Well, to close out this thread....they are going back. Kinda sucks. I had a friend who lived in Switzerland since ‘98 and he just moved back to the U.S. in August....just in time for me to run short on my HdM’s. I spent a month doing my due diligence and this was my result. FML....lol.

Thanks to everyone that responded. Definitely a case of “I know better”, but a little smack upside the head from the community always helps.
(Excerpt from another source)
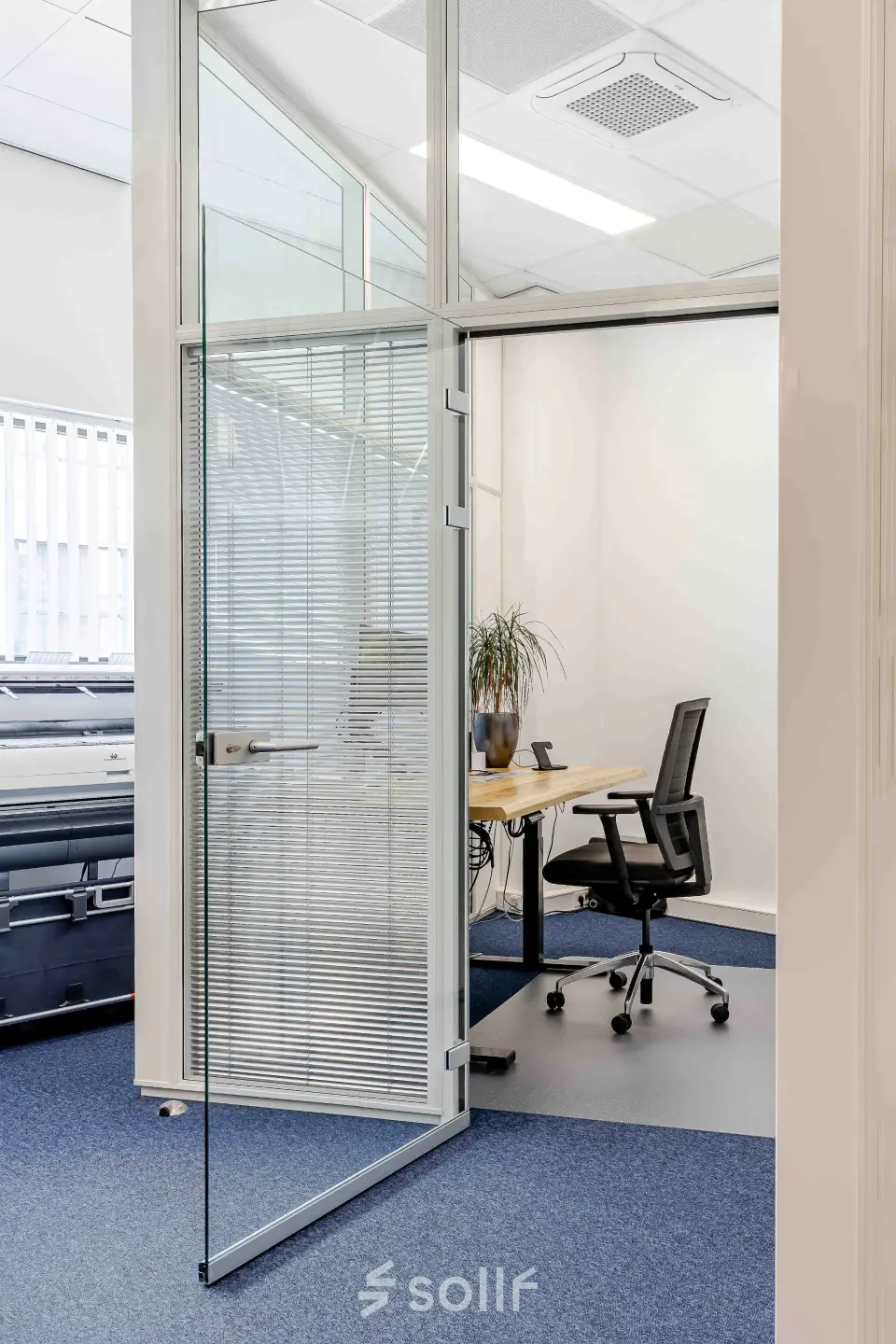 Modern office space at Leeghwaterstraat 25, Reeuwijk, featuring a desk and office chair with natural light pouring through large windows.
I guess it’s back to the drawing board on this one.


----------



## Perfecto Dave (Nov 24, 2009)

Just back from Mexico. For grins and giggles I stopped by a cigar shop just to have look.
They had boxes that everything lined up....looked good, smelled good, everything about the boxes lined up..........
except....there were no box codes or dates. I left my phone in the truck :frown2:and didn't want to go back out and come back in to snap pics. Thought I would travel by the shop again before I left but never did.
Going back next year......I'll try to remember my phone:wink2:


----------



## TonyBrooklyn (Jan 28, 2010)

Perfecto Dave said:


> Just back from Mexico. For grins and giggles I stopped by a cigar shop just to have look.
> They had boxes that everything lined up....looked good, smelled good, everything about the boxes lined up..........
> except....there were no box codes or dates. I left my phone in the truck :frown2:and didn't want to go back out and come back in to snap pics. Thought I would travel by the shop again before I left but never did.
> Going back next year......I'll try to remember my phone:wink2:


Last time i was in T.J walking down revolution ave.
There were rows of the Cohiba's in the glass top box.
I guess they finally decided to smarten up :vs_laugh:


----------



## norc47 (Apr 20, 2019)

It is amazing the lengths people will go to to counterfeit these things. After reading this thread I'll probably never buy a single CC again outside an LCDH. Full boxes only from everyone else.


----------



## Perfecto Dave (Nov 24, 2009)

TonyBrooklyn said:


> Last time i was in T.J walking down revolution ave.
> There were rows of the Cohiba's in the glass top box.
> I guess they finally decided to smarten up :vs_laugh:


Oh Yea...the glass tops are still all over at the border towns. I was about an hour deep across the border on the sea of cortez at Puerto Penasco. :wink2:


----------



## Olecharlie (Oct 28, 2017)

This is why I only have two sources and they have all been dated.


----------